Supposing that the two modules are compiled and loaded in the configuration, and your servlet is located at http://local_address:8080/b2b. You want to make it visible at http://external_address/b2b. To activate the proxy, add the following two lines :

ProxyPass /b2b/ http://local_address:8080/b2b/
ProxyPassReverse /b2b/ http://local_address:8080/b2b/

You can add as many directives as you like, proxy-ing all the servlets for the server (for instance, one of the configuration I’ve looked at has a special servlet for dynamic image generation and one for dynamic PDF documents generation – the output will not be compressed, but they all had to be proxy-ed). Time-based caching is also possible with mod_proxy, but this subject deserves a little article by itself. For the moment, we’ll stick to simple transparent proxying and compression.

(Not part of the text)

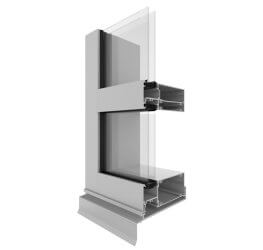 AGS Commercial 629 Flushline Double Glazed (150mm) Corner Image.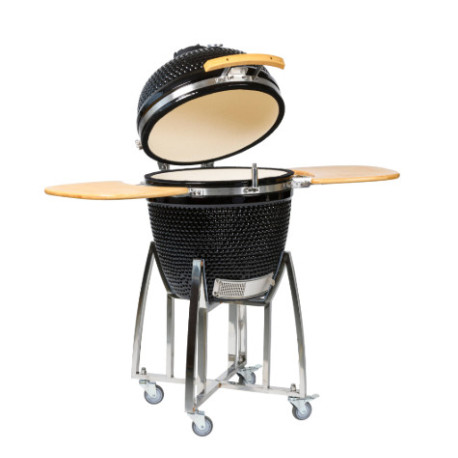 Barbecue Kamado Grill 21’’ Brazen sur chariot avec plans de travail – Ø54 cm – H.122 cm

Congratulations, just restart Apache and you have a running proxy. Mod_gzip is a little bit trickier. I’ve adapted a little bit the configuration from the article Getting mod_gzip to compress Zope pages proxied by Apache (haven’t been able to find anything better concerning integration with Java servlet containers) and here’s the result :

#module settings
mod_gzip_on Yes
mod_gzip_can_negotiate Yes
mod_gzip_send_vary Yes
mod_gzip_dechunk Yes
mod_gzip_add_header_count Yes
mod_gzip_minimum_file_size 512
mod_gzip_maximum_file_size	5000000
mod_gzip_maximum_inmem_size	100000
mod_gzip_temp_dir /tmp
mod_gzip_keep_workfiles No
mod_gzip_update_static No
mod_gzip_static_suffix .gz
#includes
mod_gzip_item_include mime ^text/*$
mod_gzip_item_include mime httpd/unix-directory
mod_gzip_item_include handler proxy-server
mod_gzip_item_include handler cgi-script
#excludes
mod_gzip_item_exclude reqheader  "User-agent: Mozilla/4.0[678]"
mod_gzip_item_exclude mime ^image/*$
#log settings
LogFormat "%h %l %u %t \"%r\" %>s %b \"%{Referer}i\" \"%{User-Agent}i\" mod_gzip: %{mod_gzip_result}n In:%{mod_gzip_input_size}n Out:%{mod_gzip_output_size}n:%{mod_gzip_compression_ratio}npct." mod_gzip_info
CustomLog /var/log/apache/mod_gzip.log mod_gzip_info

Short explanation. The module is activated and allowed to negotiate (see if a static or cached file was already compressed and reuse it). The Vary header is useful for client-side caches to work, dechunking eliminates the ‘Transfer-encoding: chunked’ HTTP header and joins the page into one big packet before compressing. Header length is added for traffic measuring purposes (we’ll see the ‘right’ figures in the log). Minimum size of a file to be compressed is 512 bytes, setting maximum is also a good idea because a) compressing a huge file will stump your server and b) the limitation guards against infinite loops. Maximum file size to compress in memory is 100KB in my setting, but you should tune this value for optimum performance. Temporary directory is /tmp and workfiles should be kept only if you need to debug mod_gzip. Which you don’t.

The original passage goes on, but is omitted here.